Segment Start: SOURCE MATERIAL
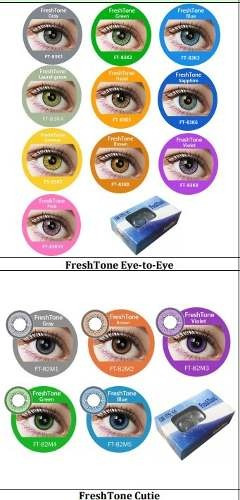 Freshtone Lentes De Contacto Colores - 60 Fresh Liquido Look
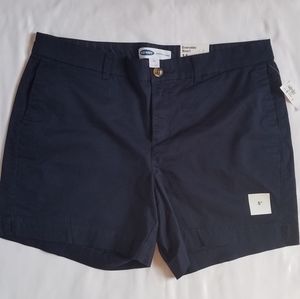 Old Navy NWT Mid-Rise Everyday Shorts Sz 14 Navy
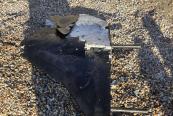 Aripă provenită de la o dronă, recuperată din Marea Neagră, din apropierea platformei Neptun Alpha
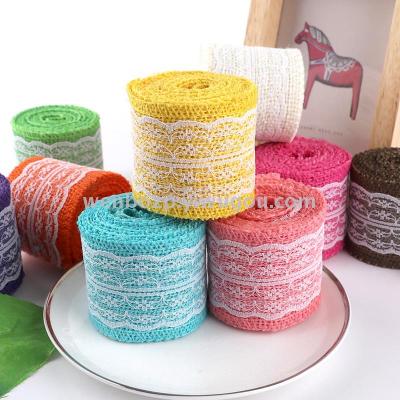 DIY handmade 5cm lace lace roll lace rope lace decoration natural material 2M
Segment End: SOURCE MATERIAL
Segment Start: SOURCE MATERIAL
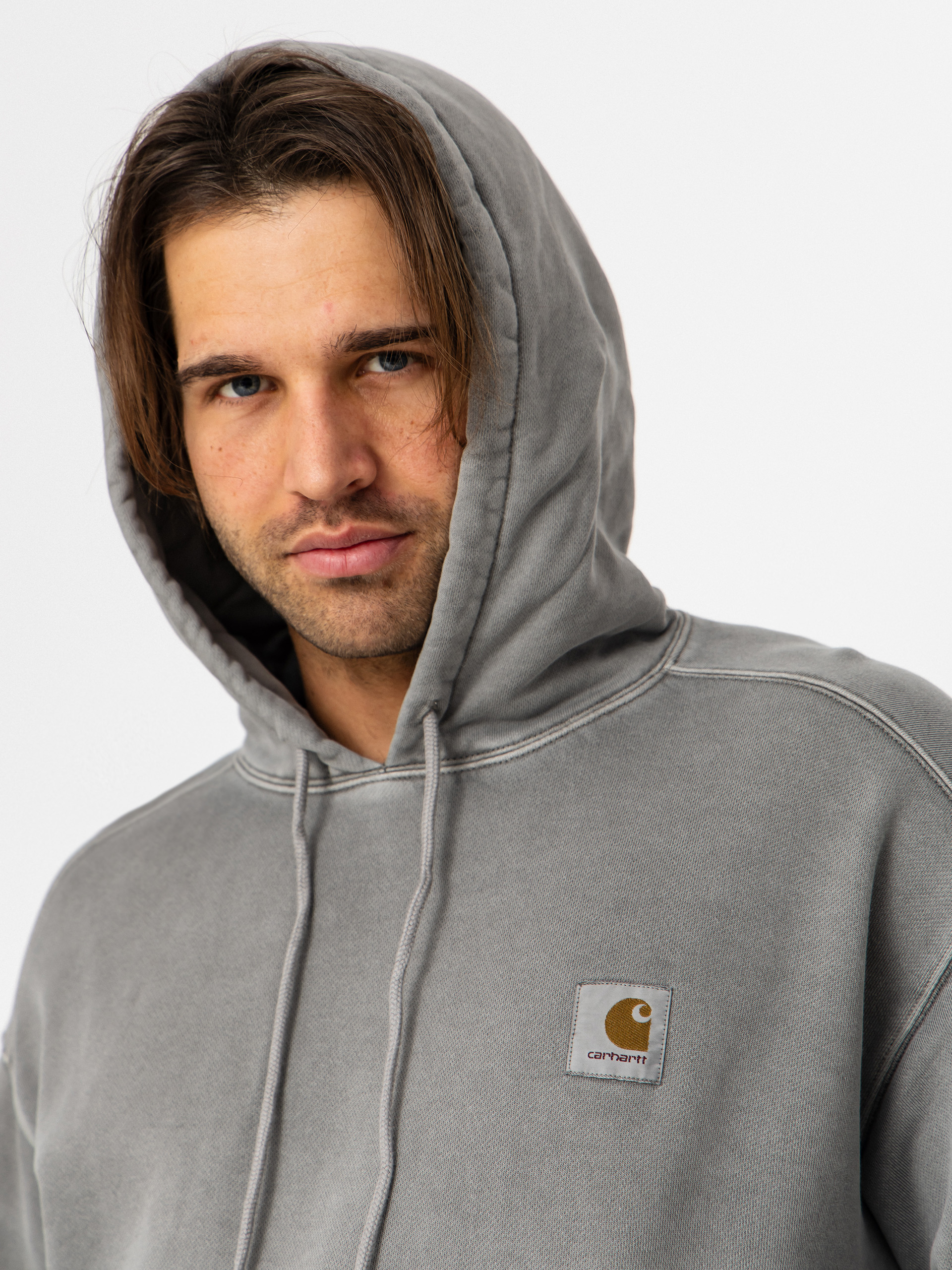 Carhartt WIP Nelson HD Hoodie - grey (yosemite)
Segment End: SOURCE MATERIAL
INSTRUCTIONS FOR THE TASK: Would you set down only the lines above from the line with "Freshtone Lentes De" to the line with "DIY handmade 5cm", both included, exactly as they stand and without the pictures?

TASK RESULT:
 Freshtone Lentes De Contacto Colores - 60 Fresh Liquido Look
 Old Navy NWT Mid-Rise Everyday Shorts Sz 14 Navy
 Aripă provenită de la o dronă, recuperată din Marea Neagră, din apropierea platformei Neptun Alpha
 DIY handmade 5cm lace lace roll lace rope lace decoration natural material 2M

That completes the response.